2

I am trying to subset an FFDF by a date. Below, I have successfully created such a subset using a normal data frame. But I needed some help in applying this to an FFDF. My attempt, along with the error message, is listed in the code comment. Many Thanks in advance!

#Create a normal data frame (in production this is read directly into an ffdf 
#through a csv file)

start  <- c("01/01/2010", "01/01/2011", "01/01/2012", "01/01/2012", "01/01/2012")
end  <- c("31/12/2010", "31/12/2011", "31/12/2012", "31/12/2012", "31/12/2012")
amount <- c(10,20,30,40,50)
df <- data.frame(start,end,amount)

#Ensure subsetting works on a normal data frame

  #convert type to proper date (this has to be done in production after csv file
  #has been read in)
  df$start <- as.Date(df$start, format="%d/%m/%Y")
  df$end <- as.Date(df$end, format="%d/%m/%Y")

  #Subset
  df <- subset(df, start == as.Date("2012-01-01",format="%Y-%m-%d"))

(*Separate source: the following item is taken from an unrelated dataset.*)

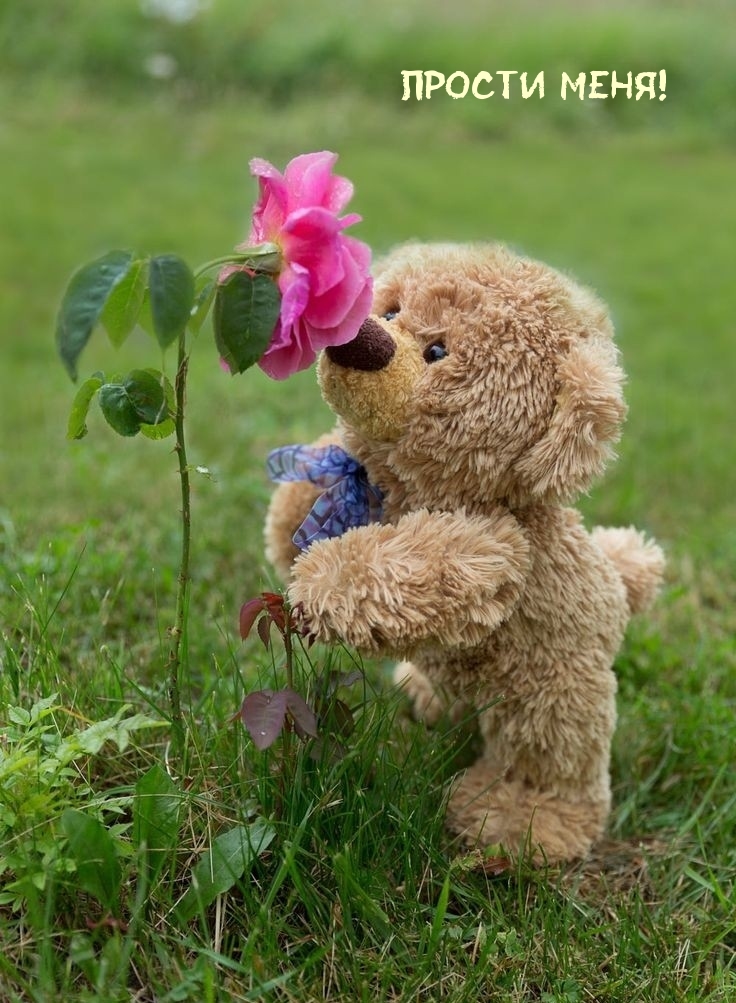 Прости меня!
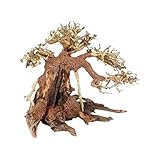 bonsai driftwood aquarium  HEYLULU Acuario Driftwood Bonsai Tree Adorno de Madera de Forma Irregular para pecera Ramas Naturales Decoración de Paisaje 4 tamaños Decoración de Acuario Bonsai Tree Driftwood 15#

  #Works :) Now let's try with ffdf

ffdf <- as.ffdf(df)

  #Type conversion for dates (again, applied in production after mammoth csv has
  #been read in)
  ffdf$start <- as.Date(ffdf$start, format="%m/%d/%Y")
  ffdf$end <- as.Date(ffdf$end, format="%m/%d/%Y")

  #Subset
  ffdf <- subset.ff(ffdf, start==as.Date("2012-01-01",format="%Y-%m-%d"))
  #ERROR: Error in ffdf(x = x) : ffdf components must be atomic ff objects
Tyler Durden
  • 303
  • 5
  • 12

1 Answers1

2

Use subset.ffdf from package ffbase. Subset is a generic function in R, and ffbase implements it for ffdf objects. So you can just use subset as you would do with a regular data frame.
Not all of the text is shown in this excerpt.